Visibility Brings Savings
UST needed not only an expense management system and booking tool, but also a new solution to integrate with its other existing systems, which primarily ran on PeopleSoft.
"We needed a solution with an end-to-end approach," said Brendle. "Quickly it was clear that there were only two options: Concur and SAP."
UST spent about a year looking for a solution. During that time, it delved deeper into PeopleSoft and analyzed data to assess spending specifics and determine the time travelers typically took to book a trip. "We did a lot of metrics up front to make sure we had a solid business case to present to our executive teams and get approval for making changes and disrupting existing commitments with other ERP solutions," Brendle said.
UST chose SAP Cloud for Travel and Expense for two reasons, Brendle said: its multinational capabilities and the availability of its application programming interfaces. While UST already used some SAP software, PeopleSoft powers its back office, Brendle explained, and "we needed solutions that made their APIs available for public consumption so we could build through web service integration into our back-end solution."
Considering UST's worldwide ambitions, it found useful SAP's 21 custom country versions, which help companies maintain compliance to per diem, tax reimbursement and mileage policies. Training a UST auditor to monitor per diem and tax compliance for 10 countries takes time and resources, but SAP handles that automatically within the system, Brendle explained. Concur only would offer that option if UST built and maintained such functionality, claimed Brendle. "SAP said, 'We'll provide and maintain that,'… and if the system doesn't do it, SAP said it'd be responsible for it," he said.

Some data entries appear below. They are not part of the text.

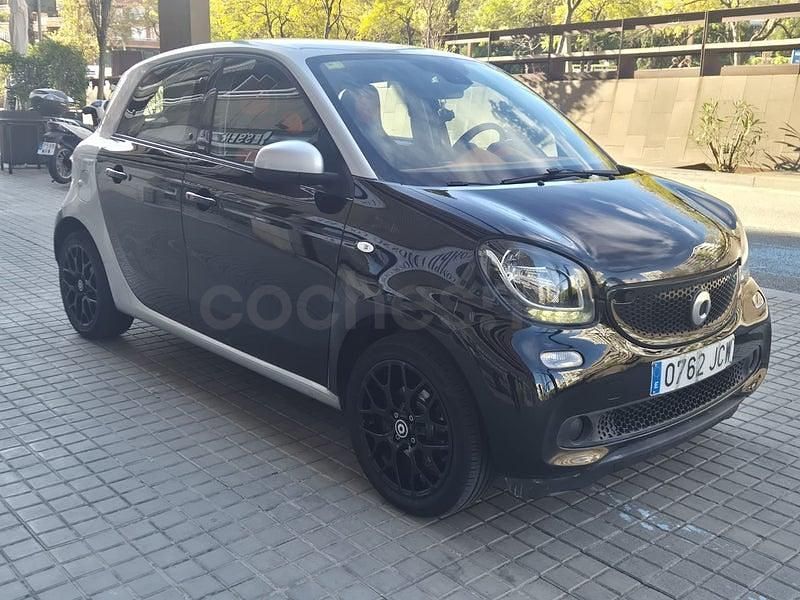Usado Smart ForFour Passion 71 CV (52 kW) 2015 Negro Utilitario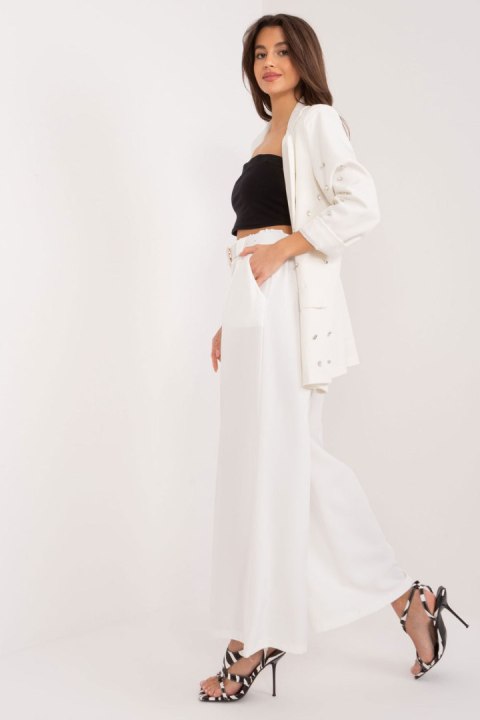 Spodnie Damskie Model DHJ-SP-5583.97 Ecru - Italy Moda Spodnie Damskie Model DHJ-SP-5583.97 Ecru - Italy Moda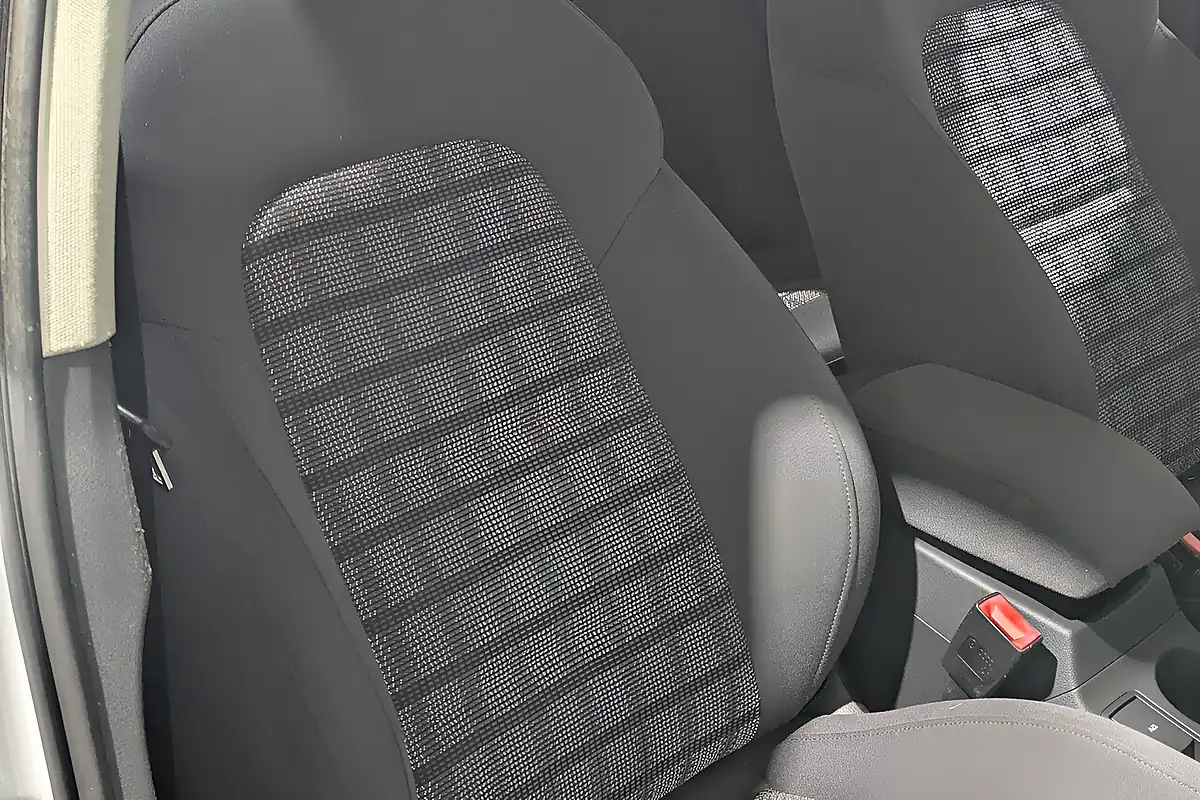 Used 2011 Audi Q3 Se White - Interior and Exterior details 16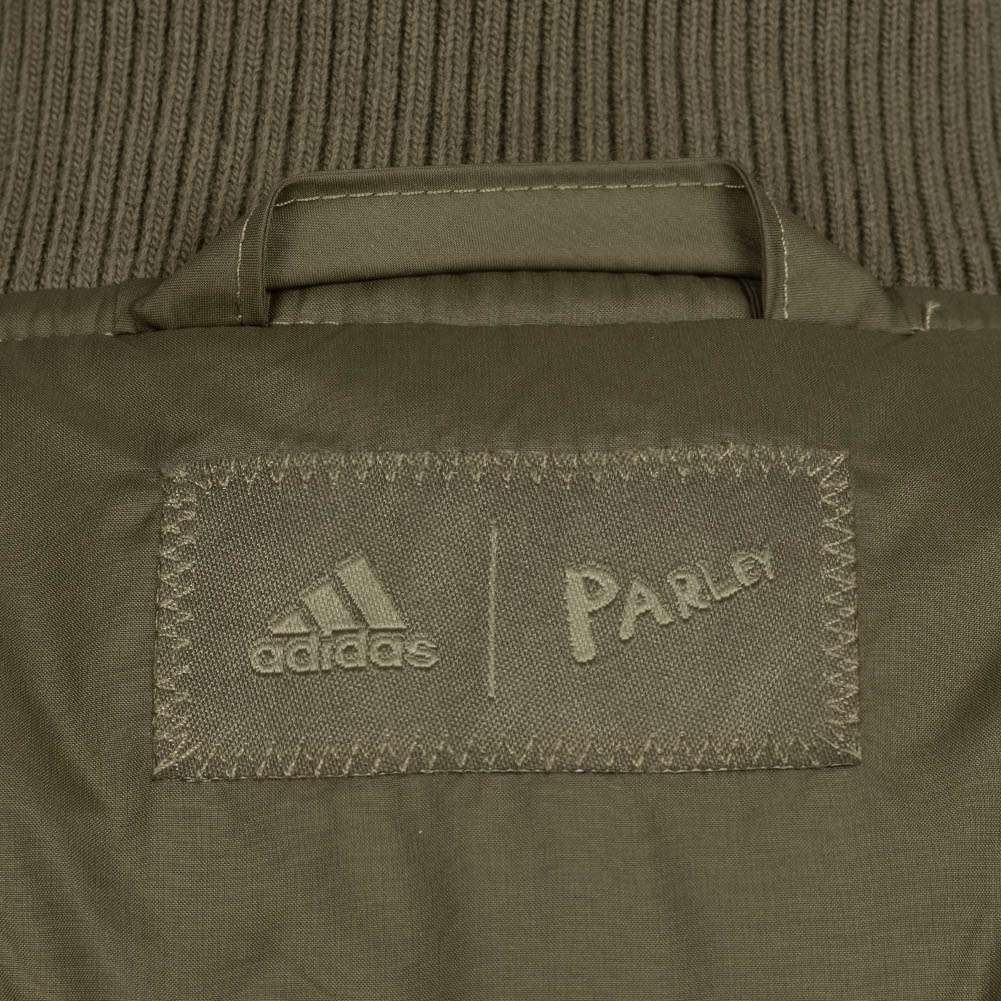 adidas x Parley Damen wendbare Bomberjacke H61738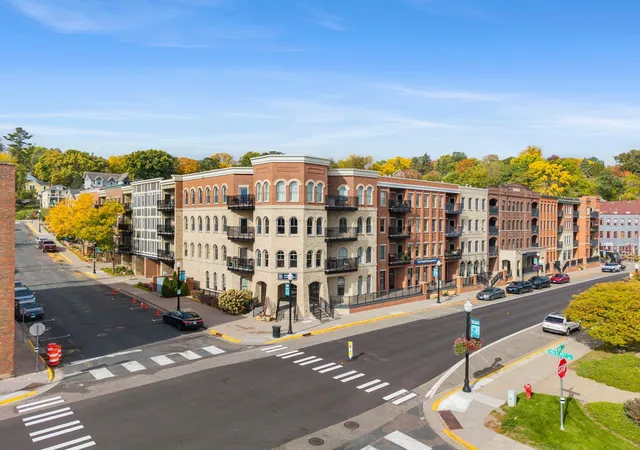 Photo 3 of Condo for sale at 350 Main St N #310, Stillwater, MN 55082 | MLS# 7158099 | Listing updated on 2026-10-20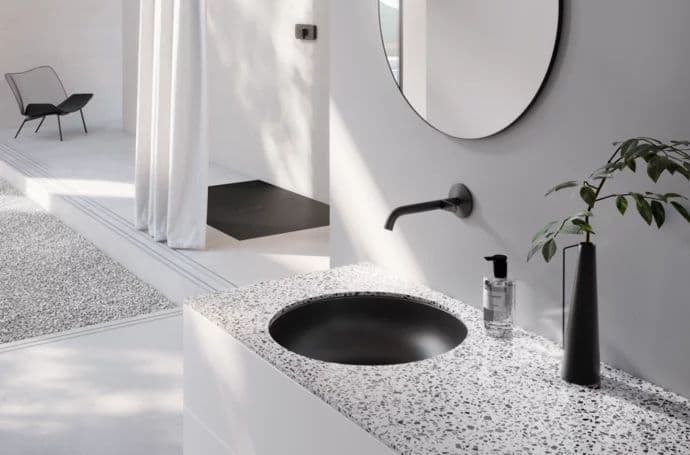 Bette — lavabo redondo en negro sobre cubierta de terrazo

With more visibility, the company now can see the difference between booked and actual spending, Brendle said. "By having better control of information, knowing where people are going, knowing what carriers we're using, sustaining policy up front and using a tool that stops it up front, we're able to recognize that benefit," he said. "We're getting people to take the airline that makes the most sense from the cost perspective to drive company compliance."
The cloud solution also boosted UST travelers' productivity, including the introduction of mobile solutions. Travelers on their mobile devices now can create expense reports using photos of paper receipts. Likewise, approving managers can approve reports on the go. Brendle said he's reduced the time it takes him to complete an expense report to between four and seven minutes.

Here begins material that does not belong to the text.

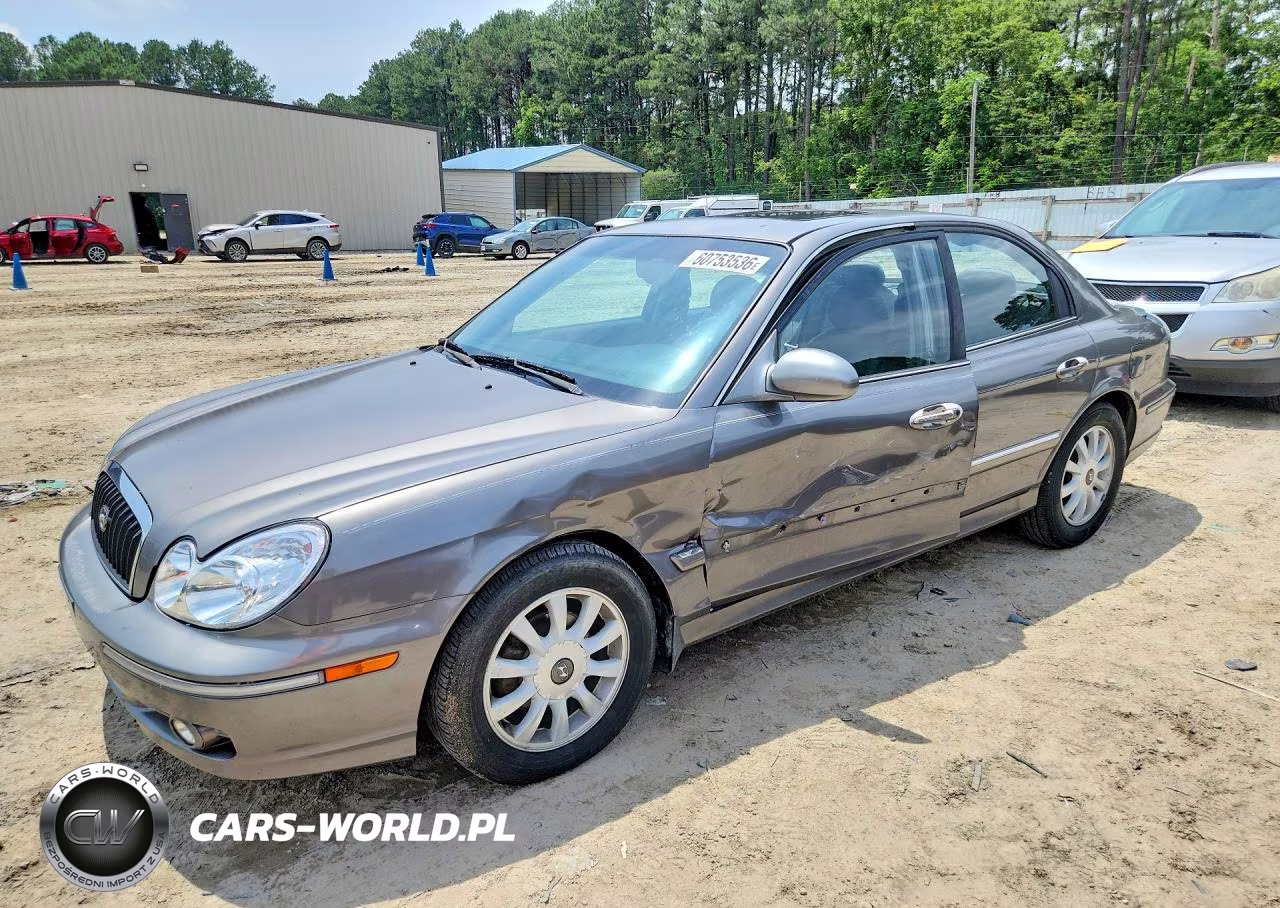 2004 Hyundai Accent 2D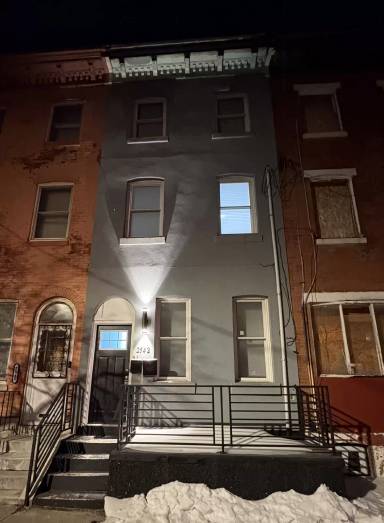 Main picture of 2542 Cecil B Moore Ave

"I used to be that paper monster riding the conveyor belt, taking receipts and stuffing them everywhere," Brendle recalled. "Now, while I'm sitting at dinner, I'll take a picture of my receipt and throw it away. I don't just capture it, I put it toward my expense report.
"We also find time savings in the auditing and booking process; as we're able to book faster, we're getting better fares," Brendle added. "The time savings is significant."
Room For Improvement
More improvements still are to come. Brendle said he'd like more analytics that would allow price comparisons, as well as the ability to add thresholds; for example, a 20 percent cap on an exchange rate within the SAP expense solution. Brendle would like to build into the system additional "warnings and complexities. We're working with the SAP team on new ideas."

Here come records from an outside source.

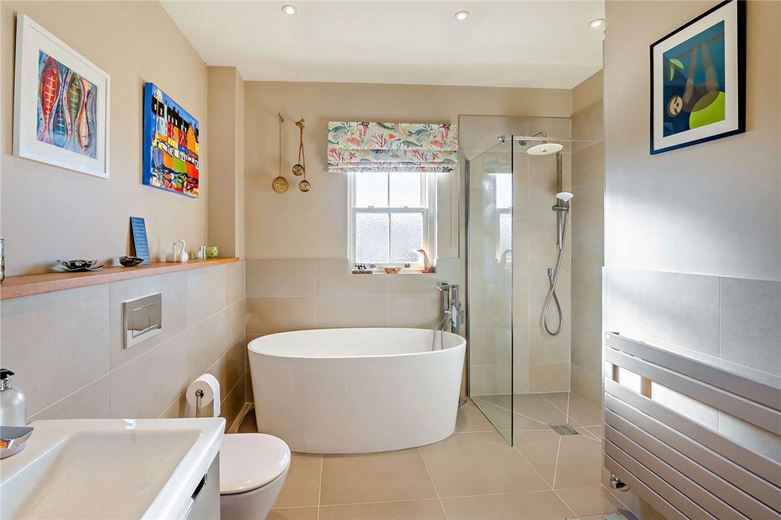 4 bedroom house, Manor Garth, Skelton-on-Ure HG4 - Available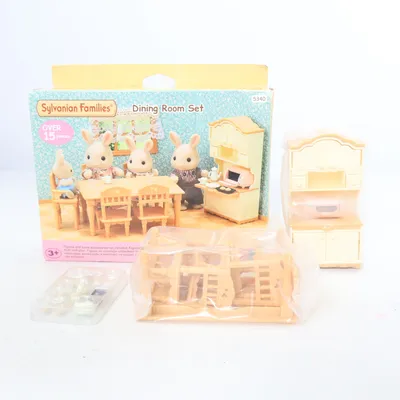 Poppenhuis meubels (Dining Room Set) van Sylvanian Families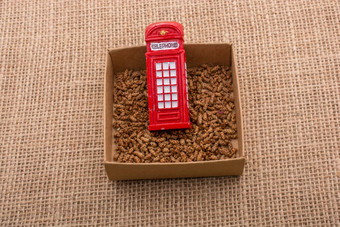 红色的颜色电话展位盒子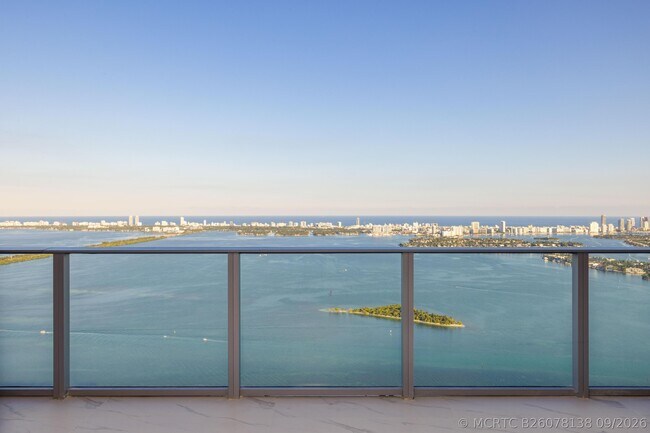 Foto del edificio - 700 NE 24th St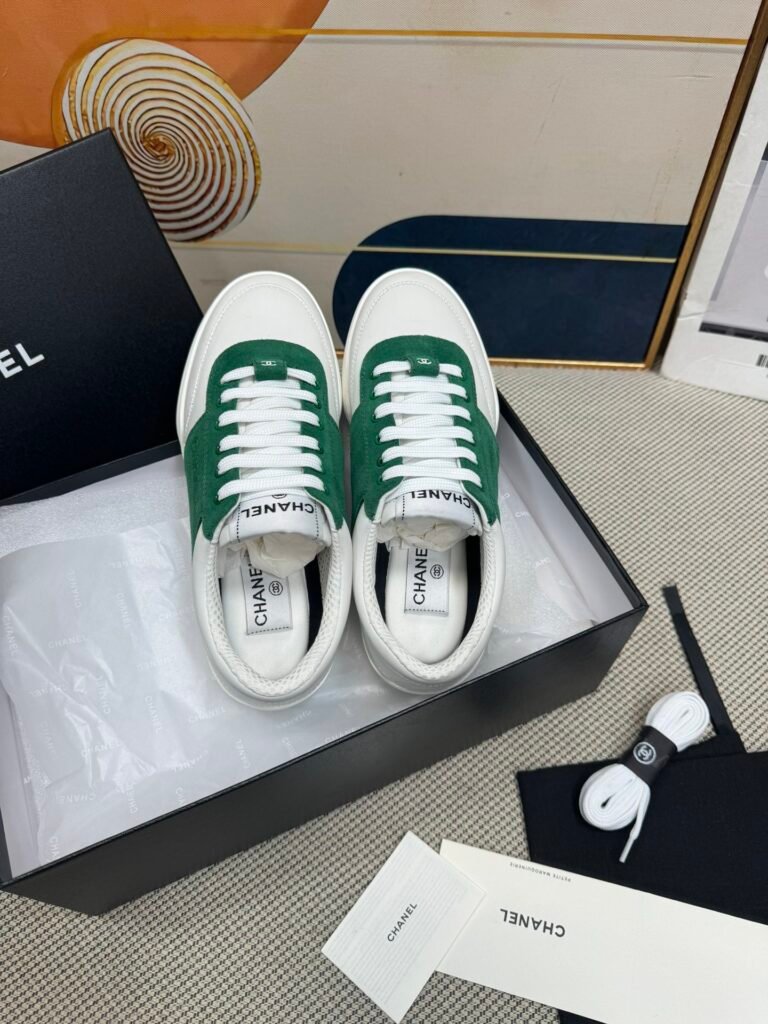 Chanel Women's Low-Top Sneakers detail 1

UST also is seeking a better process for reclaiming value-added tax, and is in discussions with Meridian to find a solution. "Some countries don't have to have paper receipts [to claim VAT], but some do, like India and the Philippines, where you also have to document the tax ID number of the merchant that claims tax where you spent it," explained Brendle. "It's overwhelming at times.
"We're paying taxes and we're not able to reclaim it, so we're losing money," he said. "As we become more global, that number gets bigger."